Using machine learning to predict which college stars are NBA level caliber
Read on for how I came up with this data!
I shared my previous post and got a suggestion by someone to try a machine learning model on college stars to predict which of them would become All Stars in the NBA. Well, that was really hard. So I’ve kind of split the difference and tried to predict which college stars are NBA quality players, and which ones have a shot at becoming All Stars.
I now understand why college scouts exist. One of the dangers of scouting is that there is a fine balance that must be struck between “the eyeball test” and statistics. You will get burned if you attempt to draft players based solely on one methodology over the other. Advanced analytics are a newer thing to the NBA, and a really really new thing to the NCAA. So the data is not as rich/easy to get. I’ve told people that 80% of machine learning work is about getting good data. And that was absolutely the case here. This was one of the most difficult scrapers I’ve ever written. It turns out there’s over 40,000 NCAA basketball players dating back to 1992 (as far back as the data set would go). If possible, I use the “requests” Python library to scrape websites. If that falls short, I typically create a Selenium web driver and scrape the data using lxml. Like my last project, I once again use SKLEARN for the machine learning algorithm and SPORTS-REFERENCE.com for my data.
After 3 full nights of work, I finally have some semblance of a list. But before I do that, I want to provide the background of how I went about getting the list. I have a csv file of every NBA player dating back to 1980 and an indicator of whether they were an All Star on a particular season. So right there, we know what qualities a player must have to be a) Good enough for the NBA b) Good enough to be an All Star. I also now have a big csv of every college player dating back to 1992 and their playing statistics (it’s not as rich as the NBA list, but it’s serviceable.) It turns out, most NBA guys spend at least a year in college, so I can make the connection to say things like “Magic Johnson averaged x points and y assists in college and he turned out to be an NBA quality player and an All Star.” So with that logic, I can point my algorithm at the college player list and say “hey, based on this year’s NCAA class, who has the best stats to be considered an NBA quality player and who can be an All Star?

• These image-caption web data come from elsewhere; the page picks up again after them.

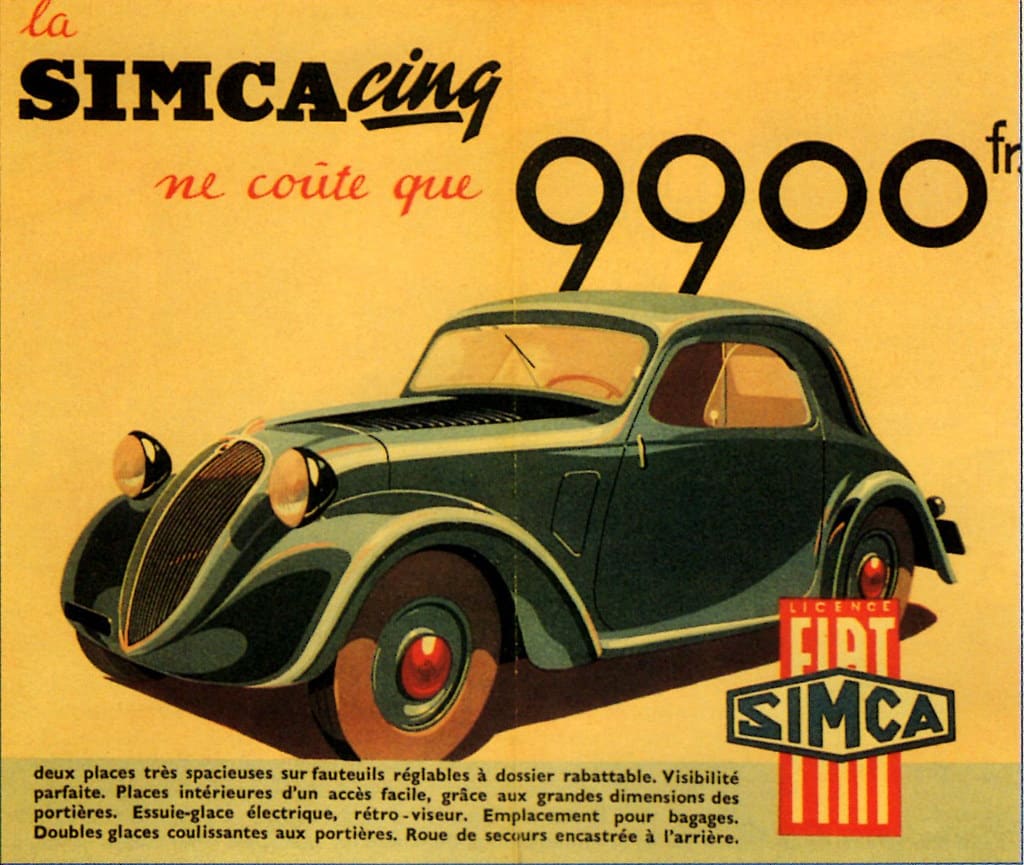 Publicidad vintage en colores principalmente rojo, negro y amarillo, mostrando un automóvil SIMCA 5 de color verde oscuro con detalles en negro. El texto prominente sobre el automóvil dice “la SIMCA cinq ne coûte que 9900 frs”. En la parte inferior derecha, hay logos adicionales de “FIAT” y “SIMCA”. La imagen transmite un estilo retro y está diseñada para destacar las características económicas del vehículo.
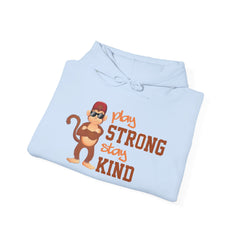 Youth Hoodies Play Strong stay Kind Hooded Sweatshirt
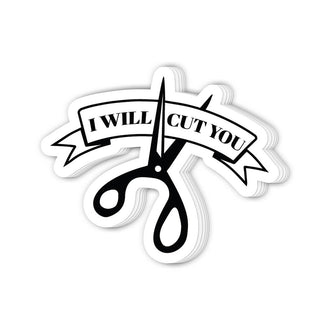 Sticker – Bold Deadpan Humor - vinyl sticker, dark humor, adult humor, funny sticker, edgy gift, hairdresser, barber, snarky threat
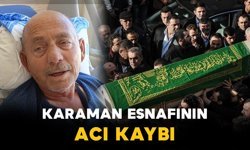 Karaman esnaflarından Alıç vefat etti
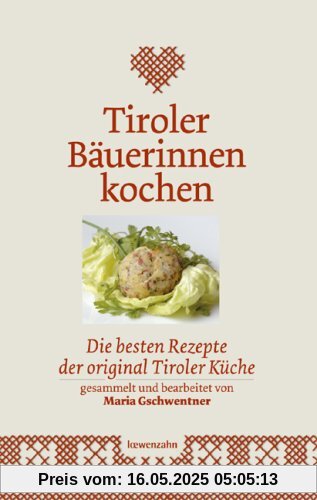 Tiroler Bäuerinnen kochen. Die besten Rezepte der original Tiroler Küche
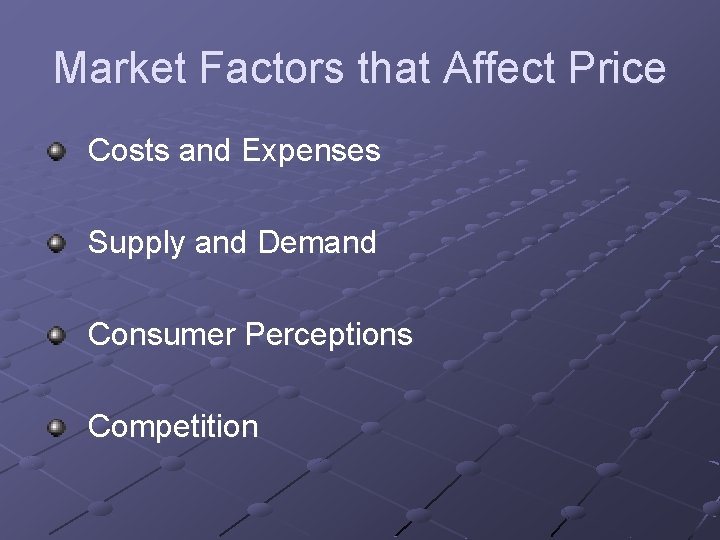 Market Factors that Affect Price Costs and Expenses Supply and Demand Consumer Perceptions Competition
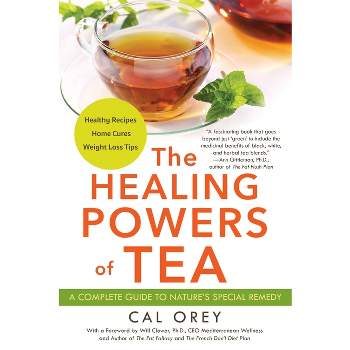 The Healing Powers of Tea - by  Cal Orey (Paperback)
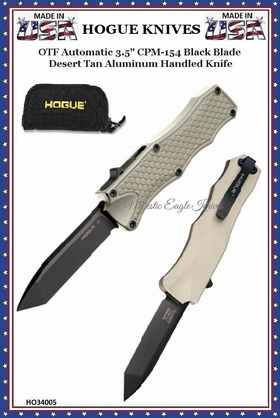 Hogue Knives HO34005 Hogue OTF 3-1/2'' Tanto Black DLC Plain Blade Matte Desert Sand (Tan) Aluminum Handled Pocket Knife W-Pocket Clip & Black Zippered Pouch Hogue Knives HO34005 Hogue OTF 3-1/2'' Tanto Black DLC Plain Blade Matte Desert Sand (Tan) Aluminum Handled Pocket Knife W-Pocket Clip & Black Zippered Pouch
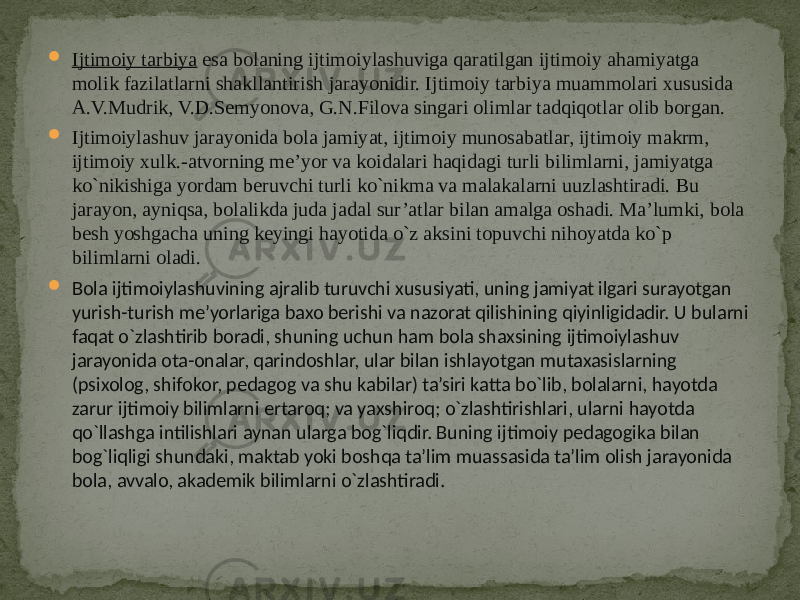  Ijtimoiy tarbiya  esa bolaning ijtimoiylashuviga qaratilgan ijtimoiy ahamiyatga molik fazilatlarni shakllantirish jarayonidir. Ijtimoiy tarbiya muammolari xususida A.V.Mudrik, V.D.Semyonova, G.N.Filova singari olimlar tadqiqotlar olib borgan.  Ijtimoiylashuv jarayonida bola jamiyat, ijtimoiy munosabatlar, ijtimoiy makrm, ijtimoiy xulk.-atvorning me’yor va koidalari haqidagi turli bilimlarni, jamiyatga ko`nikishiga yordam beruvchi turli ko`nikma va malakalarni uuzlashtiradi. Bu jarayon, ayniqsa, bolalikda juda jadal sur’atlar bilan amalga oshadi. Ma’lumki, bola besh yoshgacha uning keyingi hayotida o`z aksini topuvchi nihoyatda ko`p bilimlarni oladi.  Bola ijtimoiylashuvining  ajralib  turuvchi  xususiyati,  uning  jamiyat  ilgari  surayotgan   yurish-turish  me’yorlariga  baxo  berishi  va  nazorat  qilishining  qiyinligidadir.  U  bularni   faqat  o`zlashtirib  boradi,  shuning  uchun  ham  bola  shaxsining  ijtimoiylashuv   jarayonida  ota-onalar,  qarindoshlar,  ular  bilan  ishlayotgan  mutaxasislarning   (psixolog,  shifokor,  pedagog  va  shu  kabilar)  ta’siri  katta  bo`lib,  bolalarni,  hayotda   zarur  ijtimoiy  bilimlarni  ertaroq;  va  yaxshiroq;  o`zlashtirishlari,  ularni  hayotda   qo`llashga  intilishlari  aynan  ularga  bog`liqdir.  Buning  ijtimoiy  pedagogika  bilan   bog`liqligi  shundaki,  maktab  yoki  boshqa  ta’lim  muassasida  ta’lim  olish  jarayonida   bola,  avvalo,  akademik  bilimlarni  o`zlashtiradi.  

I looked at a bunch of draft projection boards and put together a list of 100+ players on the radar. Now, I wasn’t really going for accuracy, but the above screen shot gives a list of players the algorithm predicted are NBA quality players. All but 5 of the selections appeared in the top 30 or top 100 of the composite draft projection boards. If they appeared in the top 30, I marked the predicted player as “1st round” and if they appeared in the top 60–100 I marked the player as “2nd round”.
So, what’s with the 5 players highlighted in yellow? I have no idea. These are guys the computer said “hey, they’re good enough!” and I didn’t see their names appear on any of the draft boards I checked out. So that means they’re either a complete miss by the computer “whiff” or I’m going to make some NBA team very happy by giving them great intel on a guy completely under the radar.
I ran another model on the predicted players, but this time it was a regression model. The closer the player is to 1.0, the more likely chance they have of being an NBA quality player. I kind of think of this as a confidence factor, but it’s not really one in a true statistical sense. I was just trying to quantify the likelihood of each player’s success.
How good of a chance does my player have based on their projected draft position? Well, 1–5 is a pretty good chance! But you all probably knew that. The key to a draft is “stealing” a player. Picking a great player who is projected to be drafted lower. *cough*jazz and rudy gobert at #27*cough*
Perhaps this year’s draft class steals are going to be Miles Bridges and Jawun Evans?